3. En se fondant, pour faire droit aux conclusions de la société Colt Technology Services, sur les motifs tirés, d’une part, de ce qu’en vertu du code des postes et communications électroniques, il n’appartenait qu’à la société des Eaux de Versailles et de Saint-Cloud (SEVESC), concessionnaire du service public départemental de l’assainissement et gestionnaire des ouvrages publics nécessaires au bon fonctionnement de ce service en vertu d’un contrat d’affermage conclu le 31 décembre 1993 avec le département des Hauts-de-Seine, d’octroyer les permissions d’occupation du domaine public constitué par le réseau départemental d’assainissement et de percevoir les redevances correspondantes, et, d’autre part, de ce que l’avenant n° 10 du 19 janvier 2014 au contrat d’affermage, par lequel le département et la SEVESC ont convenu que  » toute utilisation du patrimoine qui ne répondrait pas aux nécessités du service public de l’assainissement relève de la compétence du Département en sa qualité de propriétaire des ouvrages et équipements, et autorité organisatrice du service d’assainissement « , n’avait pu légalement, alors au surplus que cette clause se borne à rappeler la règle énoncée au point 2, confier cette compétence au département, la cour a commis une erreur de droit.

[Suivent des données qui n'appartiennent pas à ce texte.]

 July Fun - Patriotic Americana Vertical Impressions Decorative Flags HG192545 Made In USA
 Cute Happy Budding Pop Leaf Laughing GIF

4. Il résulte de ce qui précède que le département des Hauts-de-Seine est fondé, sans qu’il soit besoin de se prononcer sur l’autre moyen de son pourvoi, à demander l’annulation de l’arrêt qu’il attaque.

5. Il y a lieu, dans les circonstances de l’espèce, de mettre à la charge de la société Colt Technology Services une somme de 3 000 euros à verser au département des Hauts-de-Seine au titre de l’article L. 761-1 du code de justice administrative. Ces dispositions font obstacle à ce que le département des Hauts-de-Seine, qui n’est pas la partie perdante dans la présente instance, soit condamné à verser à la société Colt Technology Services la somme qu’elle réclame au titre des frais exposés par elle et non compris dans les dépens.

D E C I D E :
————–
Article 1er : L’arrêt du 22 novembre 2018 de la cour administrative d’appel de Versailles est annulé.
Article 2 : L’affaire est renvoyée à la cour administrative d’appel de Versailles.
Article 3 : La société Colt Technology Services versera une somme de 3 000 euros au département des Hauts-de-Seine au titre de l’article L. 761-1 du code de justice administrative.
Article 4 : Les conclusions de la société Colt Technology Services présentées au titre de l’article L. 761-1 du code de justice administrative sont rejetées.
Article 5 : La présente décision sera notifiée au département des Hauts-de-Seine et à la société Colt Technology Services.